For the main event, this reviewer tried a medium-well Bleu Moon Burger ($8.25 — and a local fave, we’d heard) while our companion tried the crepes cannelloni ($6.50).
We’re sticklers about burger preparation, and the one we had at Hugo’s was very fine: third of a pound of good ground beef, perfectly cooked and seasoned, covered in a generous amount of bleu cheese and red onion, on a griddled bun. It wasn’t the dripping, three-napkin mess that some big burgers can get up to, but it didn’t skimp on the flavor. Long story short, it’s one of the better burgers we’ve had in Fayetteville, and with bonus points for the vibe, it should be on any Arkansas burger-lover’s bucket list.
Our companion was not as happy with his crepes cannelloni. The dish was tasty but the portion a bit on the small size, and the cream sauce in need of some thickening. Thin sauce aside, however, he said that if a diner was looking for a lighter meal, it could definitely hit the spot.

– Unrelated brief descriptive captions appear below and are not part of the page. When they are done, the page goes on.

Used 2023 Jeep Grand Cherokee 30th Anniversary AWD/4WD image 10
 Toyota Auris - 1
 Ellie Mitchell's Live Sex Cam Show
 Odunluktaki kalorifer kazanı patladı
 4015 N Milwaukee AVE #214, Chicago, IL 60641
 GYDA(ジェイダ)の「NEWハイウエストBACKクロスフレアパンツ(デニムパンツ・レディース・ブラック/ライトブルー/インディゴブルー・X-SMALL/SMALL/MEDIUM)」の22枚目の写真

Every town has a handful of must-hit foodie spots, and Hugo’s is probably a good candidate for that list in Fayetteville. While not everything we tried was memorable, the lovely rathskeller vibe of the joint and the weight of long years is enough to make up for the misses. Stick to what you remember eating in college — for us, burgers and beer, in mass quantities — and remember to lift several steins to dear old U., and you’ll likely come away pleased.